→ **TASK STATEMENT**
Lines before the one containing "Психолог: Мангъров изживява" are not wanted; restate the rest below word for word, through the last line, but drop any pictures.

→ **DATASET SECTION**
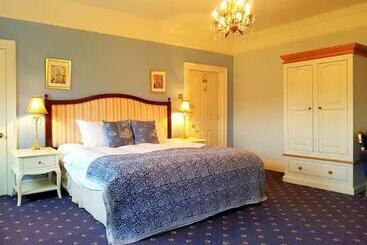 هتل No 6 The Square Tearooms & Accommodation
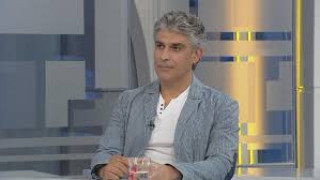 Психолог: Мангъров изживява слава, но руши доверието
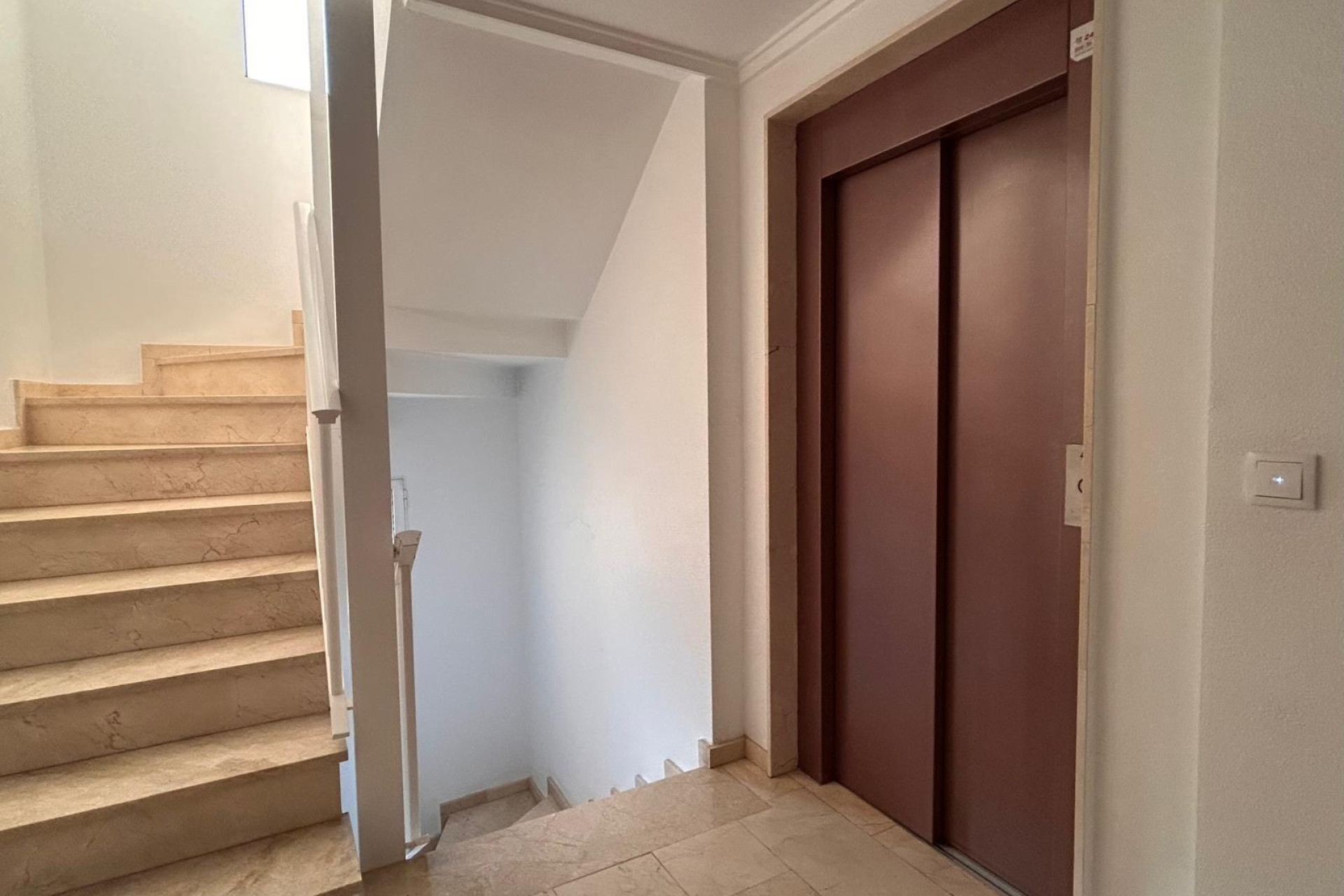 Resale - Apartment - Torrevieja - torrevieja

→ **ANSWER BOX**
 Психолог: Мангъров изживява слава, но руши доверието
 Resale - Apartment - Torrevieja - torrevieja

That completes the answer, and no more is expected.